STORED DATA:
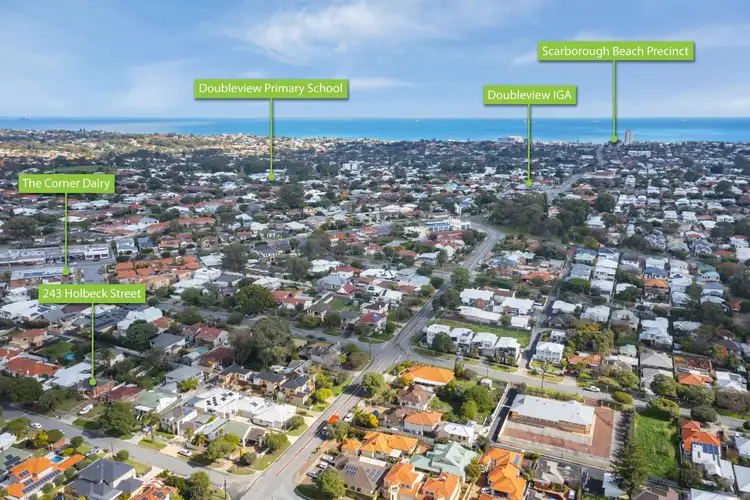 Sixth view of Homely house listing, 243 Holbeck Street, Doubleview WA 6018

...

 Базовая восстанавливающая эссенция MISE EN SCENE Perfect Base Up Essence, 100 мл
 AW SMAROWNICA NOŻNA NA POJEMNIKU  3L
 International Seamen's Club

==

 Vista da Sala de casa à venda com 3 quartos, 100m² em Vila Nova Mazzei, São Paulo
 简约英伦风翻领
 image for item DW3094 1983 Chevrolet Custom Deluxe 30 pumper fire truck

PROBLEM STATEMENT:
In the entries above, the lines between the one holding "Vista da Sala" and the one holding "image for item", inclusive, are to be printed exactly as written, and those alone.

SOLUTION:
 Vista da Sala de casa à venda com 3 quartos, 100m² em Vila Nova Mazzei, São Paulo
 简约英伦风翻领
 image for item DW3094 1983 Chevrolet Custom Deluxe 30 pumper fire truck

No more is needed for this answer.